:: Problem requirements ::
I need the lines from the one holding "PC Gamer Xtreme" to the last line of the data below repeated exactly, both included, without pictures.

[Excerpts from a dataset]
------------------------------------
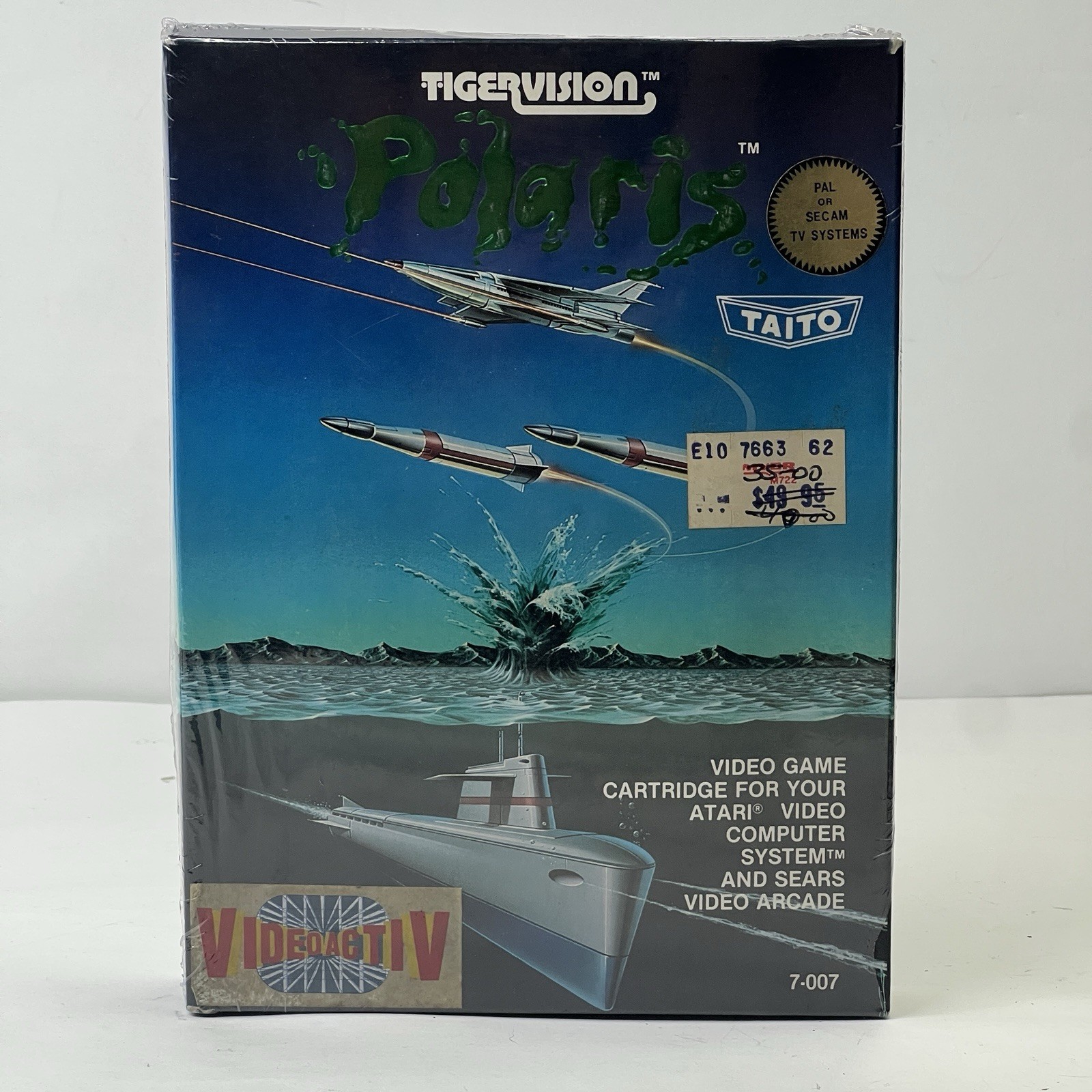 Atari 2600 Polaris New SEALED 1983 Tigervision COMPLETE CIB New Old Stock Rare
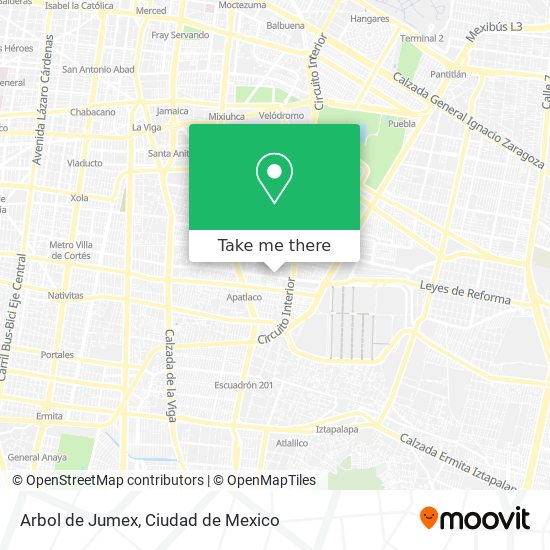 Mapa de Arbol de Jumex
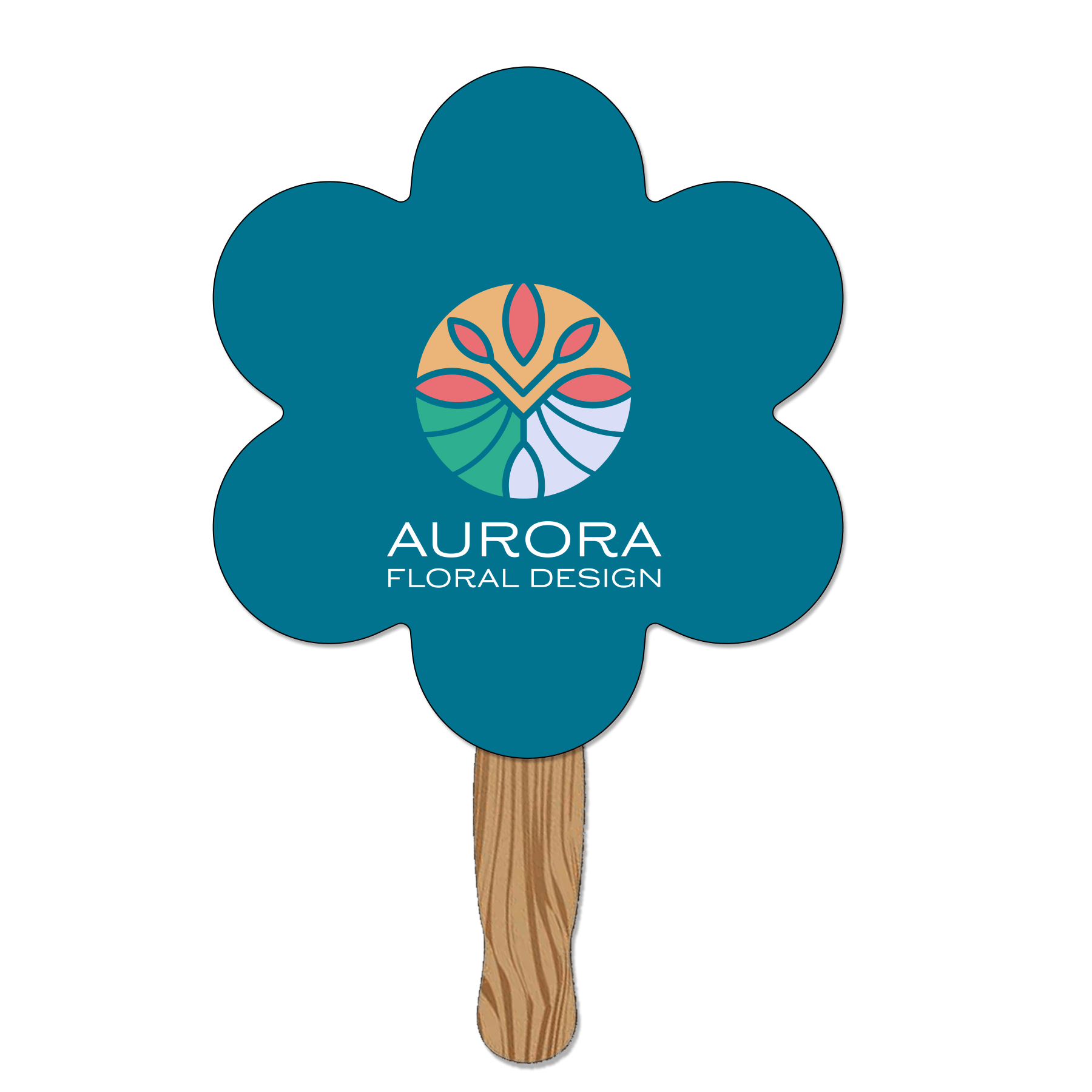 Hand Held Paper Fan - Flower                                          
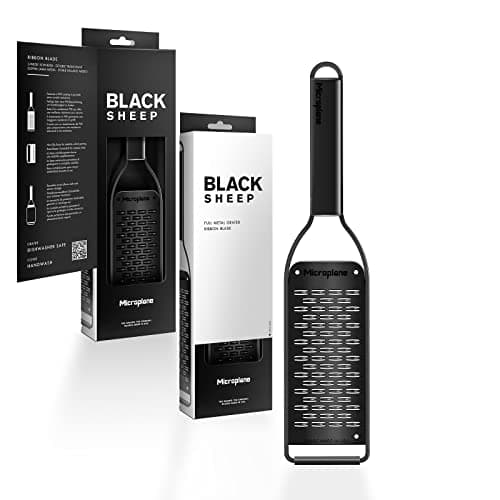 Image of Microplane Kitchen Grater Ribbon Blade with a Stainless-Steel Blade - Made in USA, for Parmesan, Apple, Carrot, Zucchini & Chocolate from The Black Sheep Series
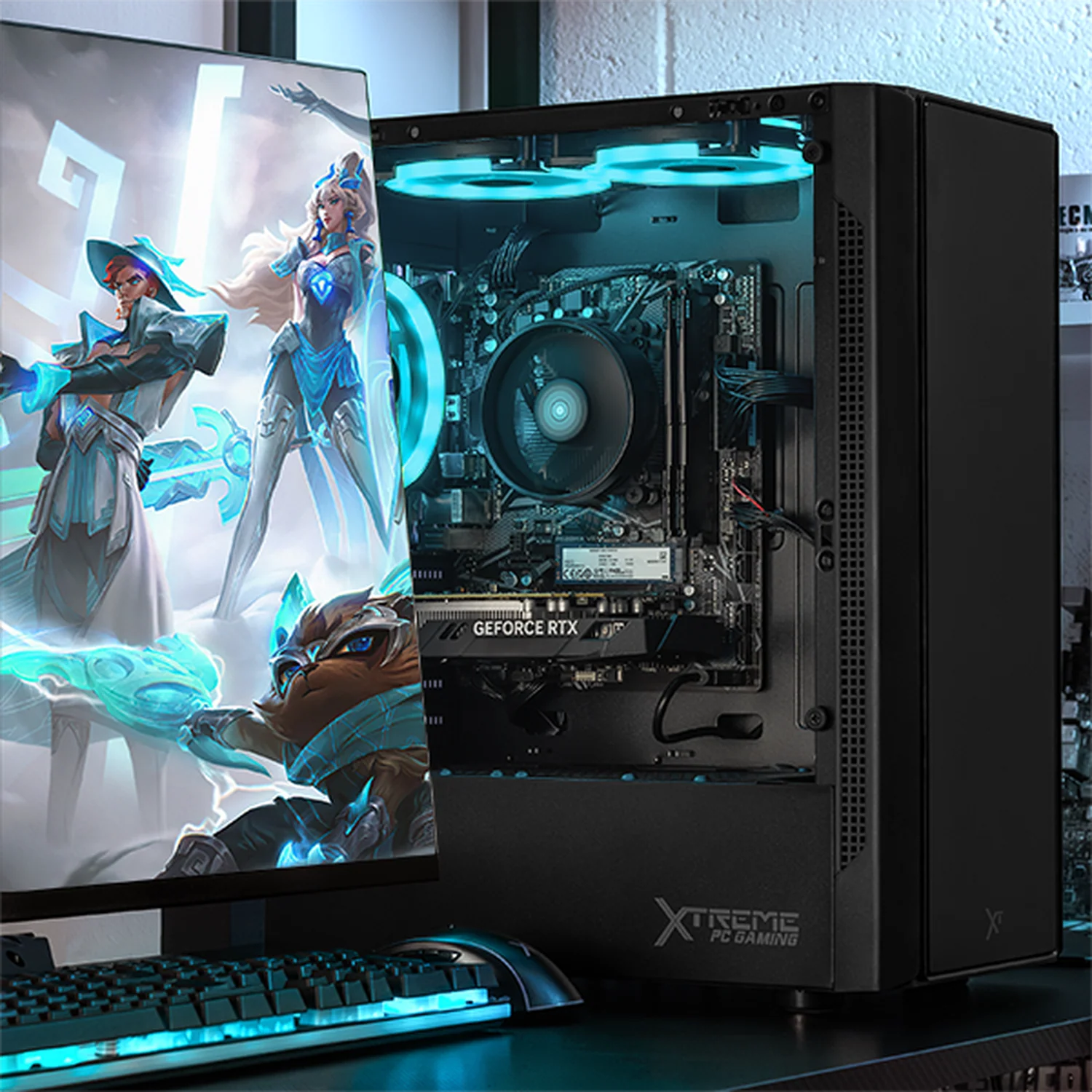 PC Gamer Xtreme PC Gaming NVIDIA GeForce RTX 3050 AMD Ryzen 7 5700 16GB SSD 1TB WIFI Black experiencia de juego fluida en nivel medio - Image 6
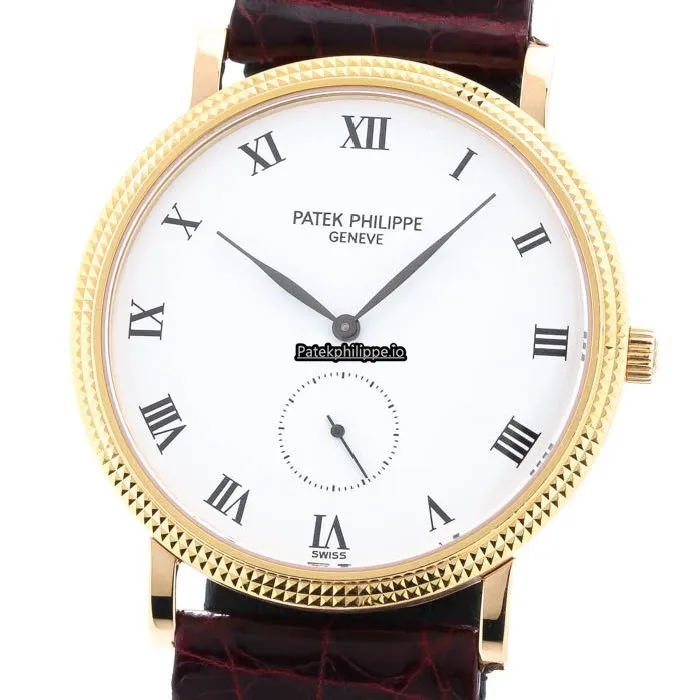Patek Philippe Calatrava 3919j-001 33MM Yellow Gold Case Manual Winding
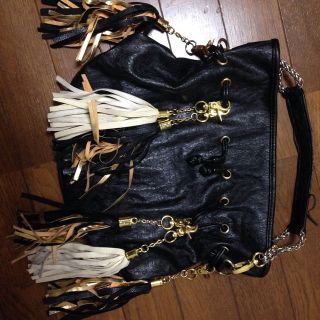 ムルーア(MURUA)のMURUA♡タッセル付き巾着型バッグ(トートバッグ)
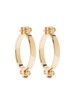 screw-motif hoop earrings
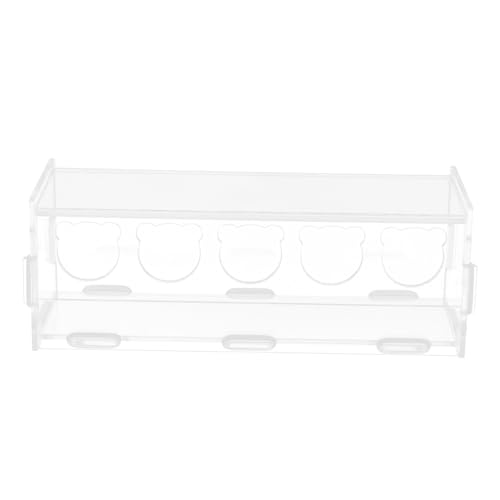ibasenice Rutin Hühnerkörner Fütterungsbox aus Transparente Futter und Wasserschale für Hamster Kanarienvögel und Andere Kleintiere Hygienisch zu Reinigen und Bequem von ibasenice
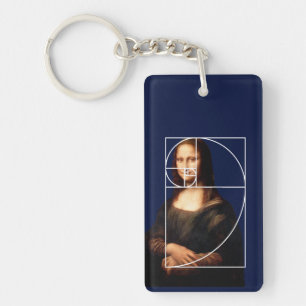 Llavero Leonardo da Vinci Mona Lisa Fibonacci Sequence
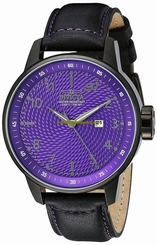 Invicta Watches : 19615 Purple Dial Measures Seconds Luminous Men Watch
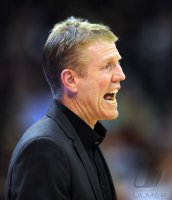 Basketball 1. Bundesliga 2011/2012:  Trainer John Patrick (S. Oliver Baskets Wuerzburg)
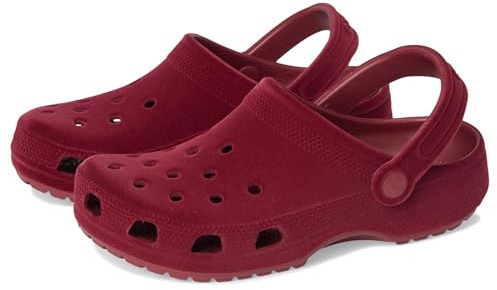 Crocs Unisexe Enfant Classic Velvet Clog K Sabots, Beetroot, 36/37 EU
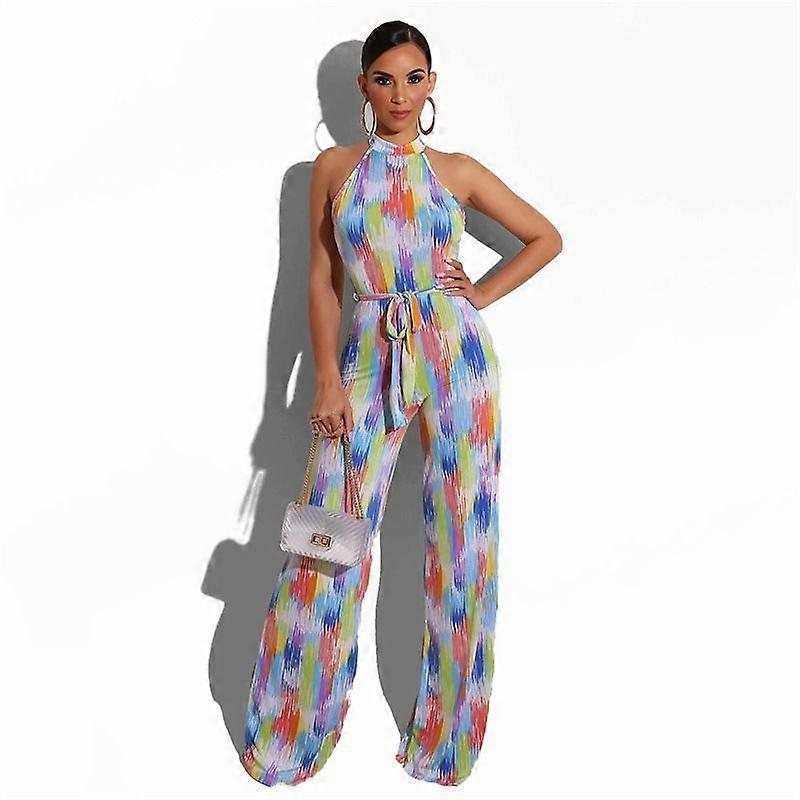 Bedruckte, gestreifte Damen-Freizeithose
------------------------------------
:: Written response ::
 PC Gamer Xtreme PC Gaming NVIDIA GeForce RTX 3050 AMD Ryzen 7 5700 16GB SSD 1TB WIFI Black experiencia de juego fluida en nivel medio - Image 6
Patek Philippe Calatrava 3919j-001 33MM Yellow Gold Case Manual Winding
 ムルーア(MURUA)のMURUA♡タッセル付き巾着型バッグ(トートバッグ)
 screw-motif hoop earrings
ibasenice Rutin Hühnerkörner Fütterungsbox aus Transparente Futter und Wasserschale für Hamster Kanarienvögel und Andere Kleintiere Hygienisch zu Reinigen und Bequem von ibasenice
 Llavero Leonardo da Vinci Mona Lisa Fibonacci Sequence
 Invicta Watches : 19615 Purple Dial Measures Seconds Luminous Men Watch
 Basketball 1. Bundesliga 2011/2012:  Trainer John Patrick (S. Oliver Baskets Wuerzburg)
 Crocs Unisexe Enfant Classic Velvet Clog K Sabots, Beetroot, 36/37 EU
 Bedruckte, gestreifte Damen-Freizeithose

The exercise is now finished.